Kennedy allows his anti-Americanism to shine through
As Liberal MP Gerard Kennedy's bill to grant war resisters safe haven in Canada progresses closer to its second reading, Kennedy is suddenly speaking the language of compromise.
He says he's willing to compromise on the bill, which currently calls for Canada to become a safe haven for conscientious objectors anywhere in the world.
"It's not a requirement for me that that very broad principle now be ensconced in the Immigration and Refugee Act," Kennedy said.
No. Instead, he's more than willing to see his act reduced to making Canada a haven for American war resisters... and American war resisters alone.
Which should really remind Canadians of what this bill is really about: trying to solidify the Liberal Party's stance with voters of the far-left, for whom anything opposing US interests is a good thing -- even when shielding individuals who volunteered for military service, often after the contentious war in Iraq began.
Even Liberal leader Michael Ignatieff -- who is quickly embracing the role of say-anything Grit leader -- is getting in on the act.
"You don't let just anybody in," Ignatieff said. "They have to prove that they have a substantial objection of conscience to forced military service."
"The issue here -- and that's why we want to get it into committee -- is the issue of stop-loss, the issue of where you enlist and whether you're compelled to re-enlist," he explained.

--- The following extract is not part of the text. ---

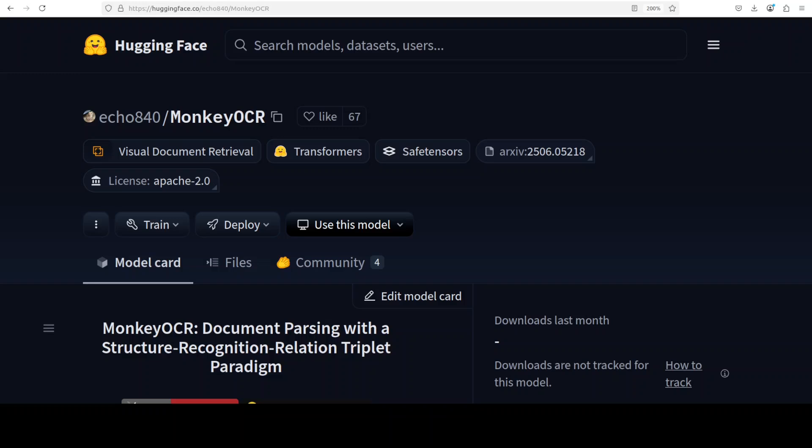Hi everyone, this is Fahad Mirza and I welcome you to the channel. It seems that we cannot have enough of OCR when it comes to AI powered applications. In this video I am going to show you yet another OCR model called Monkey OCR. Interestingly, it is a vision language model designed for document parsing that introduces a new structured recognition relation triplet paradigm.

If stop-loss has really been the issue, that would be news. After all, Kennedy's bill doesn't specifically state that it applies solely to stop-lossed servicepersons.
Nor is there any reason to think that Kennedy will consent to have his bill re-written to reflect that. It isn't a compromise that Kennedy has publicly offered. Moreover, the prospect of so-called "conscientious objectors" who haven't been stop-lossed being deported back to the US as they should be would undermine the bill's promise of cheap partisan gain.
But this is all really a moot point.
Perhaps Gerard Kennedy should be reaching out to the Barack Obama administration that the Liberal Party allegedly favours to find out what kind of a compromise he can work out with them.
There's little chance of that. But if Kennedy's bill were about anything other than cheap partisan gain, it's one of the first things he would be doing.